3. The trial court did not give undue emphasis to the burden on California’s court system and taxpayers
NFL notes cautionary language in Stangvik regarding avoiding undue emphasis on any single factor in the balancing analysis (Stangvik, supra, 54 Cal.3d at p. 753), and not using a forum non conveniens ruling to control one’s docket (id. at p. 758). It argues the trial court abused its discretion by “giving the concern for court congestion and taxpayer burden... singular emphasis and great weight, without giving any counterweight to other significant factors favoring retaining jurisdiction....” This is a puzzling claim, given that consideration of public interest factors is one of the mandated categories a trial court must evaluate in response to an inconvenient forum motion. In Stangvik our Supreme Court stated, “The public interest factors include avoidance of overburdening local courts with congested calendars, protecting the interests of potential jurors so that they are not called upon to decide cases in which the local community has little concern, and weighing the competing interests of California and the alternate jurisdiction in the litigation.” (Stangvik, supra, 54 Cal.3d at p. 751, citing Piper, supra, 454 U.S. at pp. 259-261.) Those are precisely the factors considered by the trial court in the present case. We find NFL’s speculative claim that the court gave undue weight to them unpersuasive, and beyond the scope of our abuse of discretion review.
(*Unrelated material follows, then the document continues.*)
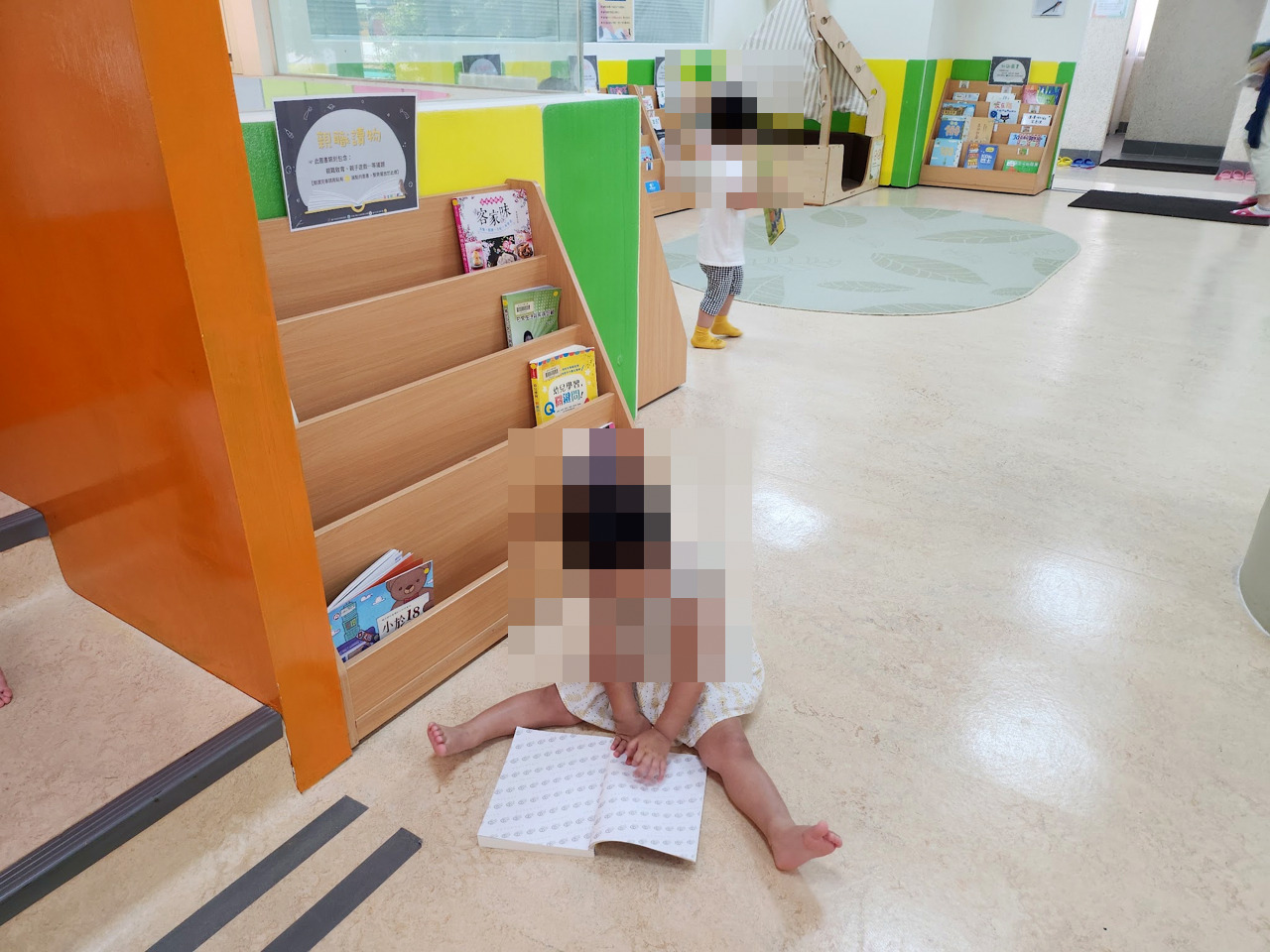 繪本區的書架旁,孩子坐在地上翻書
4. The trial court properly concluded California has no substantial interest in retaining this coverage action
Seizing on the trial court’s comment in its written ruling that “nothing recommends California, ” NFL argues the trial court abused its discretion by giving no weight whatsoever to the factors discussed above in section D2 of this opinion. We have already examined those factors and explained why we are unpersuaded by the NFL’s claims that they demonstrate an abuse of discretion. We review the trial court’s action, not its precise reasoning, and especially not a few of its words taken out of context. (Cal-State Business Products & Services, Inc. v. Ricoh (1993) 12 Cal.App.4th 1666, 1676.) There was no abuse of the trial court’s wide discretion to assign appropriate weight to the relevant factors.
The trial court applied the correct standards in conducting the proceedings below. No strong presumption in favor of the NFL plaintiffs’ choice of forum applied because plaintiffs are not California residents for purposes of a forum non conveniens analysis. The burden of proof on the defendant insurers, as the moving parties on the motion, did not include establishing California is a seriously inconvenient forum because such proof is not required to justify a stay of the California proceedings, as contrasted with a dismissal. The trial court’s decision to stay the proceedings after weighing and balancing the relevant factors was well within its allowable discretion.
The trial court orders staying the proceedings below pending the outcome of the parallel New York actions are affirmed. Costs on appeal are awarded to defendants.
We concur: TURNER, P.J. KRIEGLER, J.